Uma das propostas em estudo é que essas embarcações tenham as mesmas regras e direitos das EBNs, inclusive o Adicional ao Frete para a Renovação da Marinha Mercante. O AFRMM gerado pela embarcação afretada, sem suspensão de bandeira, ficaria com a EBN que realizar a operação. E tudo que for gerado pela operação de uma EBN ficaria na conta vinculada da empresa, mesmo se fosse uma embarcação afretada.
O ministério identificou movimento de EBNs no sentido de maximizar o uso de navios de bandeiras estrangeira, o que considera natural diante dos diferenciais de custo entre a bandeira brasileira e bandeiras de conveniência, como a panamenha. Segundo o diretor do departamento de navegação e hidrovias da pasta, Dino Antunes Batista, o governo tem as opções de brigar contra isso ou aproveitar a ocasião para reduzir custos, como os que as empresas têm com tripulação. Ele percebe que as EBNs, dentro da lei, já operam frota significativa de embarcações sem suspensão de bandeira, através de afretamentos por tempo e por viagem, que configuram quantidade expressiva do transporte de cabotagem.
A embarcação de bandeira estrangeira afretada sem suspensão exige menos investimentos e custos operacionais do que a embarcação ‘REBeada’, com suspensão de bandeira, que tem menor capex, mas precisa arcar com os custos operacionais da bandeira brasileira. Pela proposta, uma empresa hoje com quatro embarcações próprias, com direito a duas embarcações por meio do REB, passaria a poder trazer três sem suspensão de bandeira. A medida tenta impedir que as embarcações no REB sejam substituídas por embarcações sem suspensão de bandeira.
Batista considera que, se as empresas já fazem movimento de utilização da embarcação sem suspensão de bandeira faz todo sentido consolidar essa prática no arcabouço jurídico, possibilitando que elas façam essa operação de forma consistente e dentro das regras. “Se hoje, o custo logístico da cabotagem está atrelado em parte significativa à bandeira estrangeira, vamos consolidar isso”, afirmou Batista, durante seminário sobre cabotagem realizado na última terça-feira (26), na OAB-RJ. Na ocasião, ele explicou que as empresas com real interesse de investir no Brasil que trouxerem embarcações próprias e embandeirá-las poderão utilizar embarcações para bloqueio de circularização. O diretor do Ministério da Infraestrutura ponderou que não faz sentido que as embarcações sem suspensão de bandeira possam fazer tal bloqueio, já que elas não fazem parte de investimentos da empresa na operação brasileira.

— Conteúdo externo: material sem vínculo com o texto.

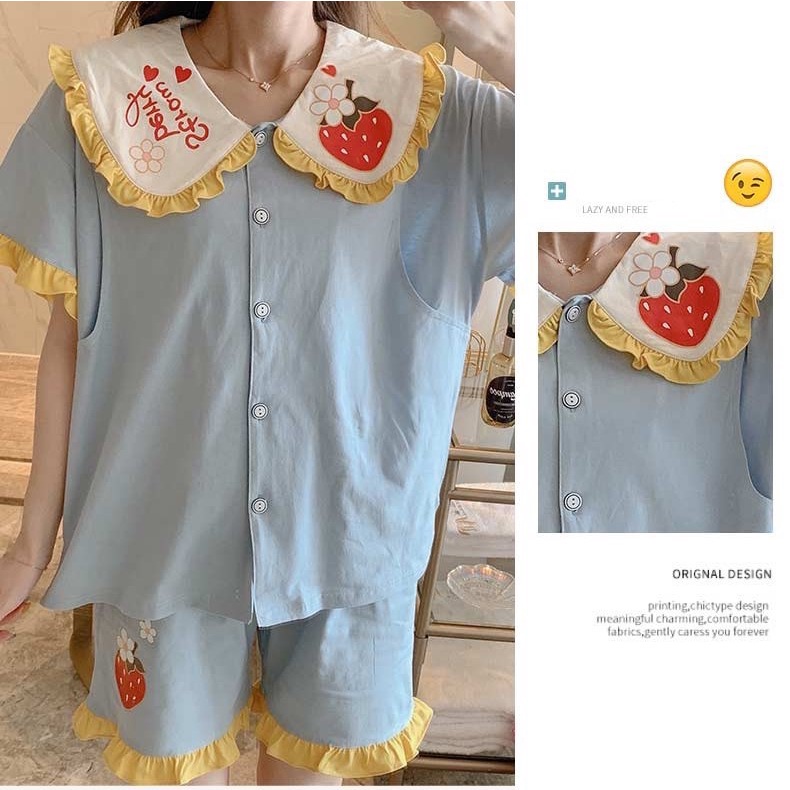 Bộ bầu - bộ sau sinh - chất liệu cotton - kiểu mới thời trang ( lá sen in quả Dâu ĐÙI )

A proposta de MP visa a redução de custos do sistema de cabotagem como um todo. Segundo Batista, as medidas em discussão preveem pelo menos um terço da frota com operação sem bandeira brasileira. A sugestão é que, mesmo sem a suspensão de bandeira, o comandante e o chefe de máquinas sejam brasileiros, o que poderia ser assegurado somente por lei. O governo também identificou a necessidade de ratificação da convenção de trabalho marítimo da Organização Internacional do Trabalho (MLC 2006/OIT).
Um dos objetivos do novo marco regulatório é atrair novos players para esse mercado, que possam desenvolver atividades formalizadas, sem constituírem empresas de papel ou venda de bandeira, práticas hoje verificadas na navegação. “Se a empresa quer se estabelecer no mercado, que faça os investimentos para que o conceito de lastro em bandeira brasileira seja mantido. Senão, haverá empresas pequenas fazendo operações irregulares e sem trazer crescimento da cabotagem”, disse Batista.